→ **PROBLEM DESCRIPTION**
All records below are to be transcribed exactly, with every picture left out.
MATERIAL SHOWN START
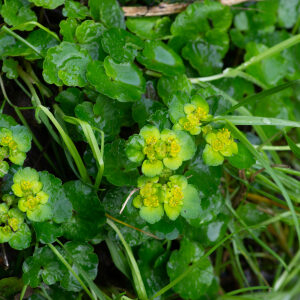 Photographie n°2575893 du taxon Chrysosplenium oppositifolium L. [1753]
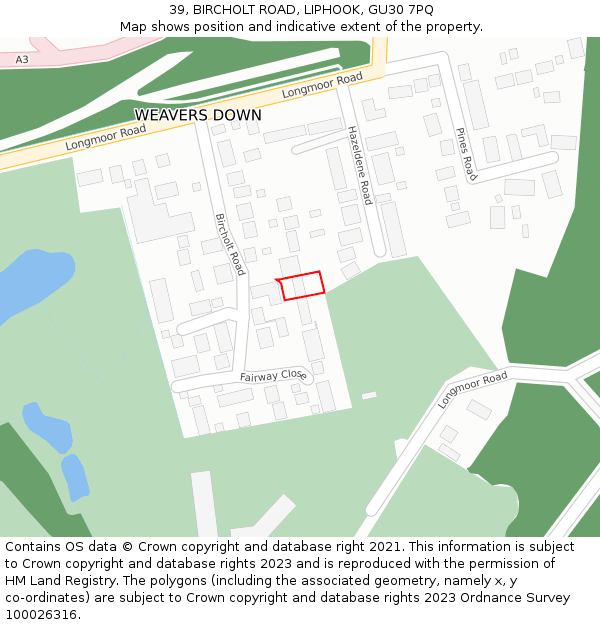 39, BIRCHOLT ROAD, LIPHOOK, GU30 7PQ: Location map and indicative extent of plot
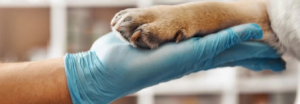 Veterinarian Tech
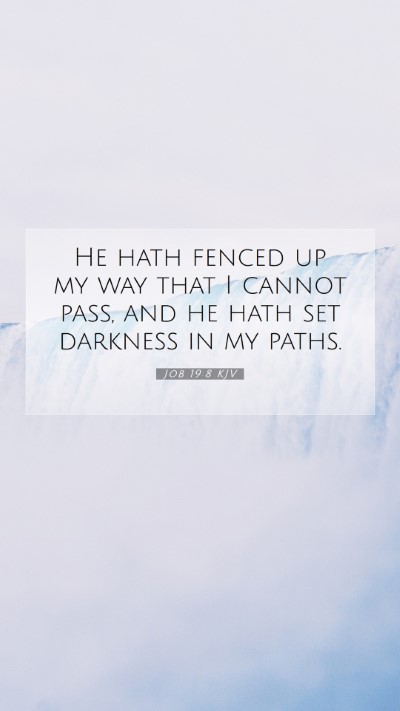 Picture 07 - Job 19:8 KJV Mobile Phone Wallpaper - He hath fenced up my way that I cannot pass, and - Mobile Bible Verse Wallpaper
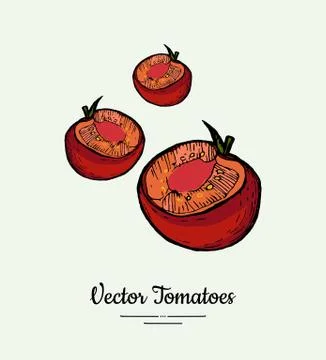 Tomato vegetable vector isolate. Red half cutted tomatoes. Vegetables hand dr Stock Illustration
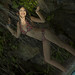 Kaye Ross Photo 20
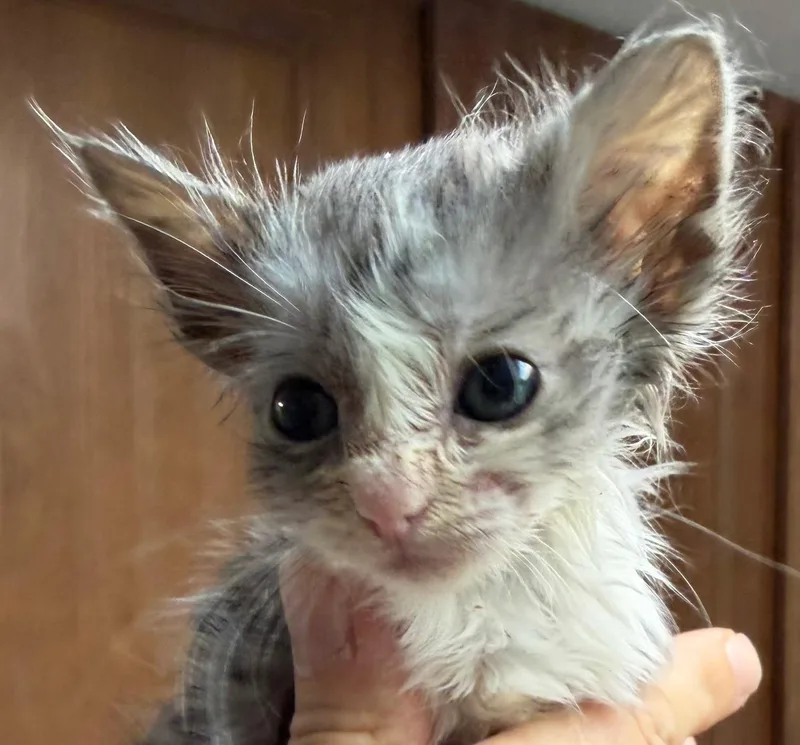 A baby medium-sized female Gray / Blue / Silver Domestic Short Hair cat named Montana for adoption in Bulverde, TX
MATERIAL SHOWN END
→ **EXERCISE OUTPUT**
 Photographie n°2575893 du taxon Chrysosplenium oppositifolium L. [1753]
 39, BIRCHOLT ROAD, LIPHOOK, GU30 7PQ: Location map and indicative extent of plot
 Veterinarian Tech
 Picture 07 - Job 19:8 KJV Mobile Phone Wallpaper - He hath fenced up my way that I cannot pass, and - Mobile Bible Verse Wallpaper
 Tomato vegetable vector isolate. Red half cutted tomatoes. Vegetables hand dr Stock Illustration
 Kaye Ross Photo 20
 A baby medium-sized female Gray / Blue / Silver Domestic Short Hair cat named Montana for adoption in Bulverde, TX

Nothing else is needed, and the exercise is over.